▶ **Your goal**
The copy you return must match the listing word for word and carry no pictures.

▶ **Stored data**
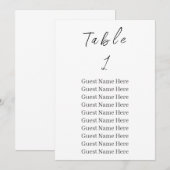 Elegantes Schwarzes Skript Tischnummer 1 Seating C (Vorne/Hinten)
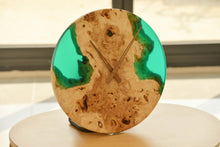 Load image into Gallery viewer, Poplar mappa burl timber 40cm daiameter wall hanging clock with transparent Light green resin.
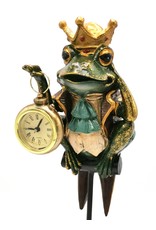 Trukado Giftware Figurines Collectables - Frog King on Plinth with Real clock 37cm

▶ **Response to the task**
 Elegantes Schwarzes Skript Tischnummer 1 Seating C (Vorne/Hinten)
 Load image into Gallery viewer, Poplar mappa burl timber 40cm daiameter wall hanging clock with transparent Light green resin.
 Trukado Giftware Figurines Collectables - Frog King on Plinth with Real clock 37cm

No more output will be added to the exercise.